Could you copy exactly the lines below, beginning at the line with "6 Balloon Dinosaurs" and stopping after the line with "Beautiful woman in prison, realistic, selfie", with no pictures?

---------- Entries provided ----------

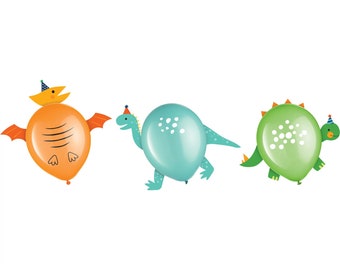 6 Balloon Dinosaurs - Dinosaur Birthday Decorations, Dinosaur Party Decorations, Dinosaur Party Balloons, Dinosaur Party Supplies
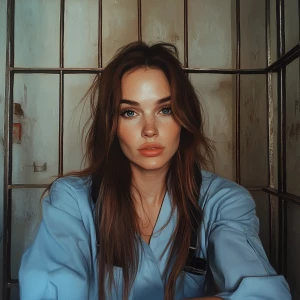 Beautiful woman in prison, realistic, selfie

----------
---------- Entries provided ----------

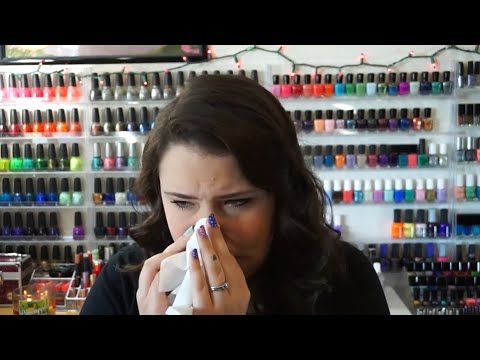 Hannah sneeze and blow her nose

----------
---------- Entries provided ----------

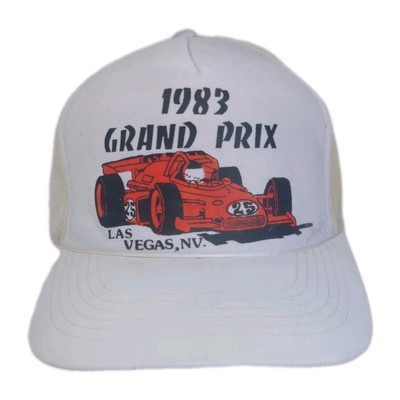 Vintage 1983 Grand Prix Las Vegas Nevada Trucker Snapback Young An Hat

----------

## Result below
 6 Balloon Dinosaurs - Dinosaur Birthday Decorations, Dinosaur Party Decorations, Dinosaur Party Balloons, Dinosaur Party Supplies
 Beautiful woman in prison, realistic, selfie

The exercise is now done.